In one embodiment, the reloading equipment comprises: 1) a mold; 2) bullet core material; 3) a pressurizer configured to compress the core material; 4) a bullet jacket swaging device having a cavity geometry; and 5) metallic jackets, wherein the kit is made available to a consumer for purchase as a unit. The kit can further comprise an instruction guide, wherein the instruction guide includes instructions comprising the steps of:

    • a) providing the bullet core material from the kit;
    • b) cutting the composition to desired length or size;
    • c) placing the cut piece of composition material in a metal jacket;
    • d) compressing the jacket with the composition therein to form a bullet core using the pressurizer until a desired consistency of density is achieved;
    • e) removing leftover core material;
    • f) pressing the jacket with the core in the swaging device to conform the jacket and core to the cavity geometry to create a jacketed bullet; and
    • g) removing the jacketed bullet.

In some embodiments, the instruction guide further comprises the step of: loading the jacketed bullet using standard reloading equipment and processes. In some embodiments, the amount of a metallic-polymer composition is in aliquots in an approximate size need for one bullet.

In one embodiment, the reloading equipment comprises: 1) a heatable mold; 2) bullet core material; and 3) a heatable pressurizer configured to compress the core material, wherein the kit is made available to a consumer for purchase as a unit. In still further embodiments, the kit further comprises an instruction guide, wherein the instruction guide includes instructions comprising the steps of

    • a) providing the bullet core material from the kit;
    • b) dumping the bullet core material into a hopper;
    • c) heating the hopper and mixing the bullet core material sufficiently to mix and melt the bullet core material to a homogenous state, wherein the material exhibits flow qualities;
    • d) if the fluid characteristics of the resulting bullet core material are adequate for injecting, injecting the material by means of a forced mechanism into the heatable mold cavity, or if the viscosity of the resulting bullet core material is sufficiently low, pouring the bullet core material into a cavity of the heatable mold; and
    • e) closing and heating the heatable mold until the bullet core material is of a desired hardness, forming a bullet.

In further embodiments, the reloading equipment comprises: 1) a plurality of cartridge cases; 2) packaged bullet core material; and 3) gun powder, wherein the kit is made available to a consumer for purchase as a unit. In further embodiments, the core material comprises a packaged amount of a metallic-polymer composition suitable for forming into bullets and configuring into a cartridge using standard reloading equipment and processes. In further embodiments, the reloading equipment further comprises a plurality of boxer primers and an instruction guide, wherein the instruction guide includes instructions comprising the steps of:

    • a) providing the bullet core material composition from an acquired kit or acquired separately;
    • b) making a jacketed bullet or a jacketless bullet using the bullet core material using reloading equipment and processes;
    • c) inserting the desired amount of gun powder into the cartridge case;
    • d) fitting a boxer primer into the rear end of the cartridge case; and
    • e) fitting the prepared jacketed or jacketless bullet into the open end of the cartridge case and securing.

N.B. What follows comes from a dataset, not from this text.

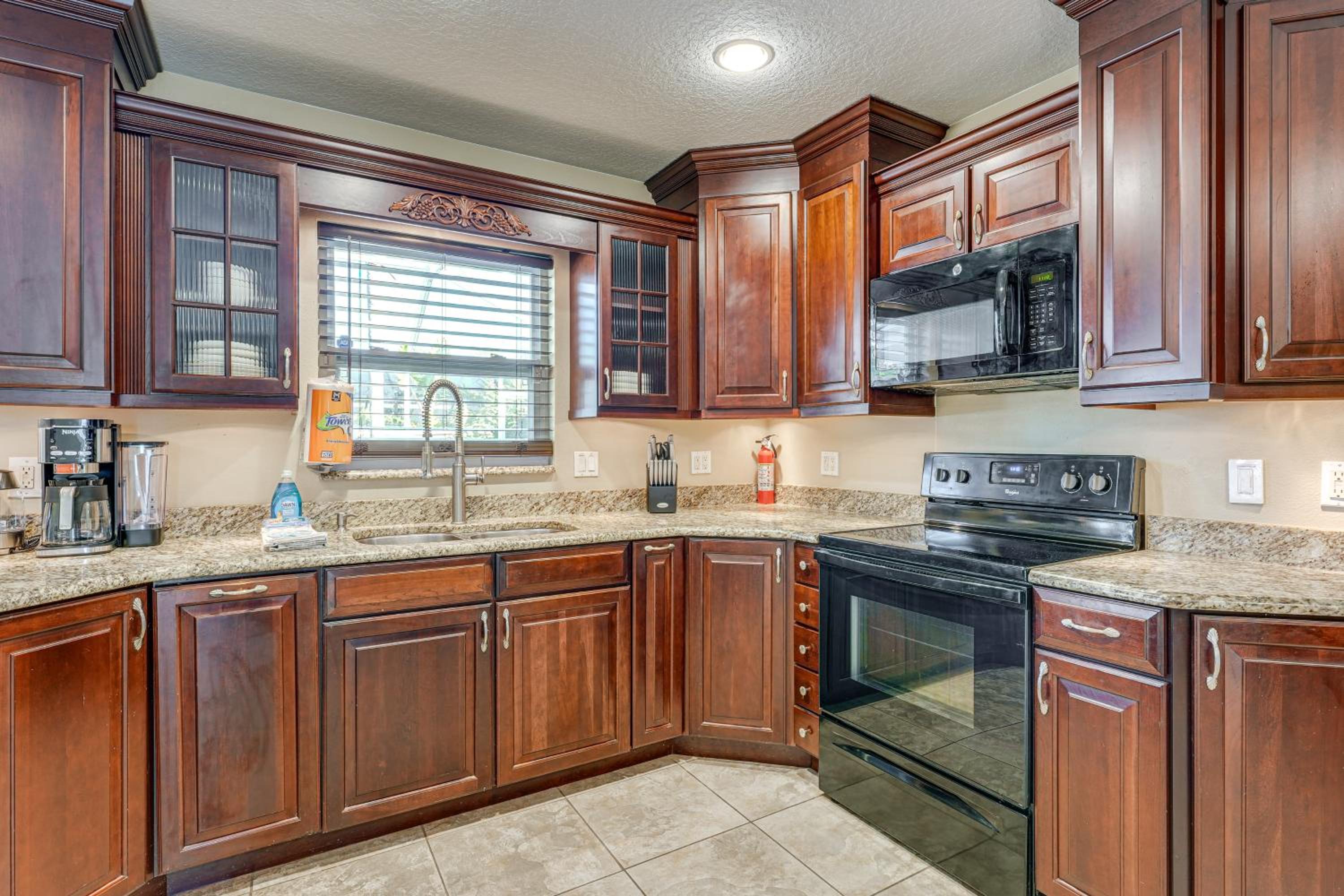 Great for Digital Nomads! Spacious Home in Largo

The above summary of the various embodiments is not intended to describe each illustrated aspect or every implementation. Rather, the embodiments are chosen and described so that others skilled in the art can appreciate and understand principles and practices. The figures in the detailed description that follow more particularly exemplify these embodiments.

Still other objects and advantages of the disclosure and methods of construction of the same will become readily apparent to those skilled in the art from the following detailed description, wherein only the preferred embodiments are shown and described. As will be realized, other and different embodiments and methods of construction are enabled by the disclosure, and its several details are capable of modification in various obvious respects. Accordingly, the drawing and description are to be regarded as illustrative in nature, and not as restrictive.

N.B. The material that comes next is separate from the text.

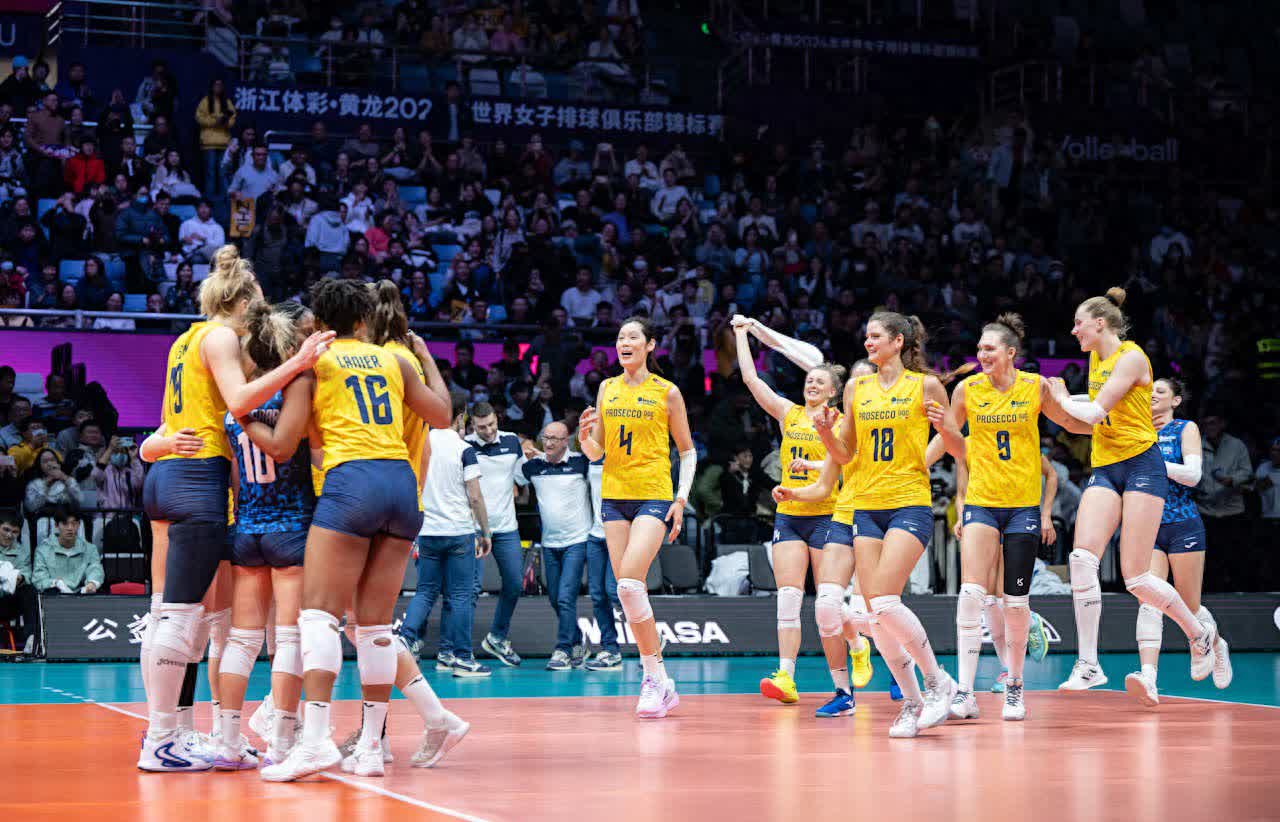 突尼斯击败阿尔及利亚赢得排球比赛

BRIEF DESCRIPTION OF THE DRAWINGS

The disclosure can be completely understood in consideration of the following detailed description of various embodiments in connection with the accompanying drawings, in which:

FIG. 1 shows a schematic representation of a bullet swaging kit in an embodiment of the disclosure;

FIG. 2 shows a schematic representation of a method used with a bullet swaging kit in an embodiment of the disclosure;

FIG. 3 shows a schematic representation of a bullet mold kit in an embodiment of the disclosure;

FIG. 4 shows a schematic representation of a method used with a bullet mold kit in an embodiment of the disclosure;

FIG. 5 shows a schematic representation of a general bullet making kit in an embodiment of the disclosure;

FIG. 6 shows a schematic representation of a bullet reloading kit in an embodiment of the disclosure;

FIG. 7 shows examples of conventional mold cavities similar to those used in the present disclosure: (a) bullet mould accessories; (b) LYMAN bullet moulds; (c) RCBS bullet moulds; (d) SAECO bullet moulds; (e) BUFFALO ARMS moulds; (f) PEDERSOLI bullet moulds; (g) round ball moulds;

FIG. 8 shows examples of bullet jackets similar to those used in the present disclosure;

FIG. 9 shows an example of a conventional press similar to those used in the present disclosure;

FIG. 10 shows an example of a conventional scale similar to those used in the present disclosure;

FIG. 11 shows example of a conventional priming tool similar to those used in the present disclosure;

FIG. 12 shows an example of a conventional powder measure similar to those used in the present disclosure;

FIG. 13 shows an example of a conventional bullet puller similar to those used in the present disclosure;

FIG. 14 shows an example of a conventional case trimmer similar to those used in the present disclosure;

FIG. 15 shows an example of a conventional tumbler similar to those used in the present disclosure;

FIG. 16 shows an example of conventional primers similar to those used in the present disclosure;

FIG. 17 shows an example of a conventional swage, in a swage kit, similar to those used in the present disclosure; and

FIG. 18 shows examples of conventional reloading dies and shell holders similar to those used in the present disclosure.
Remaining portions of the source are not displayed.